つまりイエスは、「自分は父なる神(旧約聖書に啓示された神)と等しく神である」と宣言されたのです。

これはユダヤ教指導者たちにとっては冒涜以外の何物でもありません。

聖書の字義通りの解釈、というよりも、口伝律法の伝統によって信仰体系を形成した「パリサイ派的ユダヤ教」にとって、神はお一人であって、三位一体の神という神概念は持ち得ません。

まして「子なる神」が人として受肉し、口伝律法を破りまくり、それがイスラエルのメシアであるとは想像すらも出来ないことです。

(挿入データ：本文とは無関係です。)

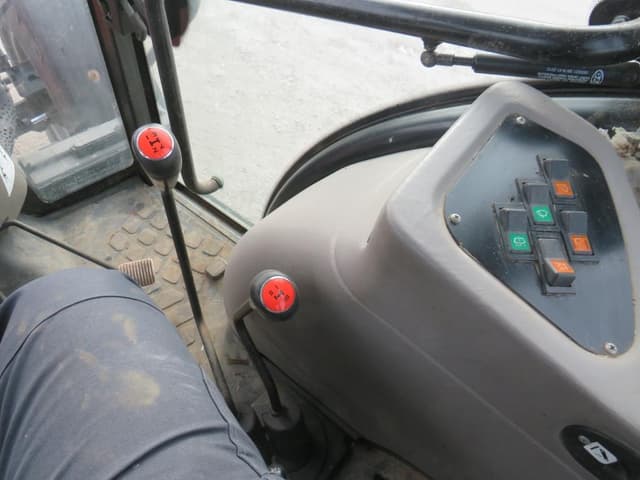 Image of Case IH Farmall 95 equipment image 3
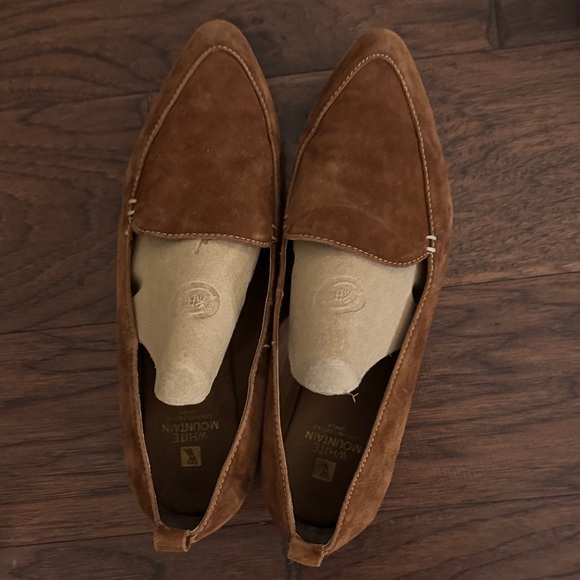 White Mountain Shoes - White Mountain Tan Suede Loafers Pointed Toe Flats Women’s Shoes size 8.5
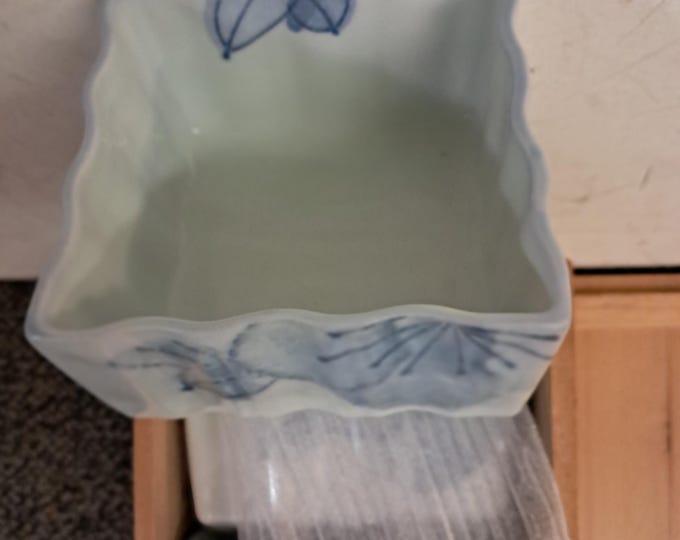 Arita Ware Small Bowl, Hizen Ware,  Hand Painted White / Blue Flowers Porcelain,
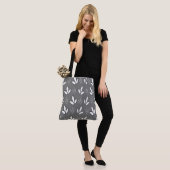 Tote Bag Fleurs blanches à l'aquarelle grises modernes (Sur le modèle)
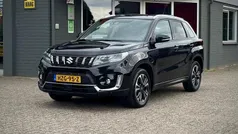 Zwart Gebruikt 2023 Suzuki Vitara Style SUV | € 29.900 (Eerlijke prijs)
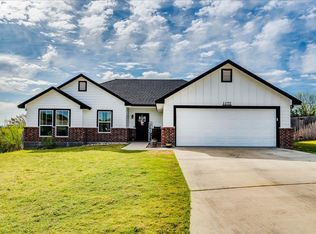 1172 Limestone Dr, Lampasas, TX 76550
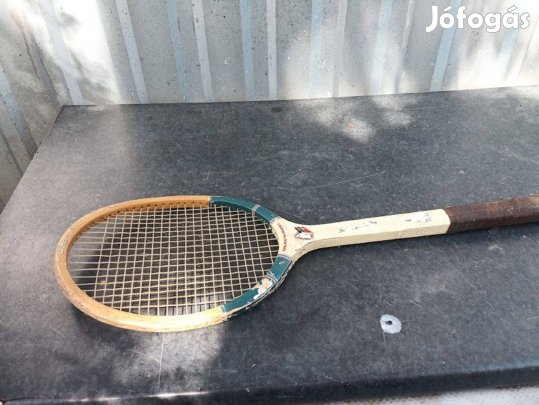 Teniszütő snauwaert retró teniszütő snauwaert retró padláson fellet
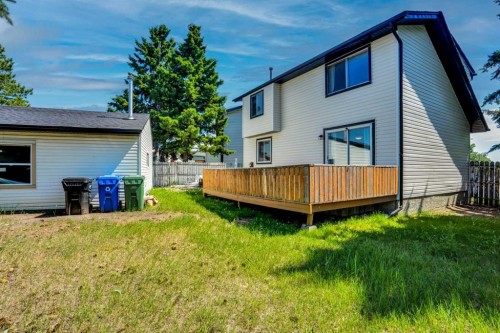36 Falton Court Ne, Calgary, AB - Outdoor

実際にこの発言の後、ユダヤ教指導者たちは冒涜罪としてイエスを石打ちの刑に処そうとしました。

自分を神そのものとしているイエスのこのような神性宣言は、ユダヤ教としてはとても受け入れられないものなのです。

⭐︎今現在にまで続くユダヤ教はこのイエス時代の「パリサイ派的ユダヤ教」の延長線上にあります。

よって、ナザレのイエスが神であることを、またイスラエルのメシアであることを認めない信仰体系であるユダヤ教は、「キリスト教と同じ神を信じている」と言うことは出来ません。

悲しいことに、人間の作った宗教的戒律、口伝律法が、イスラエルの希望として地上に来られた子なる神イエスを「神でもメシアでもないユダヤ教の敵」としてしまったのです。

★次にイスラム教について簡単に触れたいと思います。

イスラム教はこの3つの中では一番新しく、7世紀前半にマホメットを開祖としてアラビア半島で誕生しました。

マホメットは当時のアラビア半島に蔓延していた偶像礼拝を嫌い、ユダヤ教、キリスト教に友好的な態度を取っていました。一神教を好んでいたのです。

しかし自分を偉大な預言者の地位に置き、新たな宗教を作ろうとする彼は、次第にユダヤ教徒、キリスト教徒からも疎まれて行き、遂には敵対するようになりました。

⭐︎イスラム教の経典はコーランです。

コーランは、マホメットが神(アッラー)から約20年間にわたって受けた啓示をまとめたものがその原形だと言われています。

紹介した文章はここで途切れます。